Compute Requirements

Each task runs inside a Docker container with PostgreSQL, 25 MCP server implementations, Node.js 22, and Python 3.12. The ORS server runs alongside all services in a single container.

License

Apache 2.0.

Tasks

There is one split in this environment:

test: 503 tasks

Tasks require coordinating 4-8 MCP servers per task across domains including YouTube analysis, spreadsheet automation, database querying, web scraping, document generation, email management, and calendar scheduling.

Reward Structure

This is a multi-turn environment with script-based validation.
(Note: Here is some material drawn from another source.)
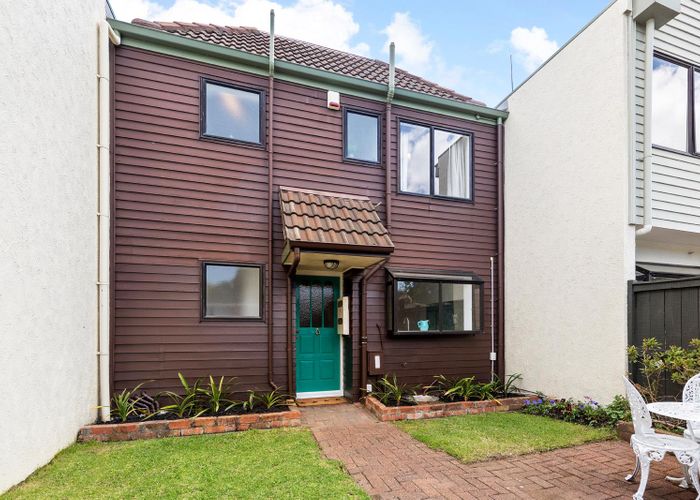 at 85 Maungarei Road, Remuera, Auckland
The agent uses MCP tools and built-in tools to complete tasks, then calls claim_done to run the evaluation script. The reward is binary: 1.0 if all checks pass, 0.0 otherwise.

Data

Data consists of 503 task directories sourced from GitHub eigent-ai/toolathlon_gym. Each task includes task_config.json, docs/task.md, preprocess/main.py, evaluation/main.py, and initial workspace files. PostgreSQL is seeded with data across 6 schemas (Canvas LMS, HR/Sales, e-commerce, finance, YouTube, rail).

Tools

Shared tools (always available):

Tool	Description
`claim_done`	Run evaluation and get reward. Ends the episode.
`python_execute`	Execute Python code in the workspace.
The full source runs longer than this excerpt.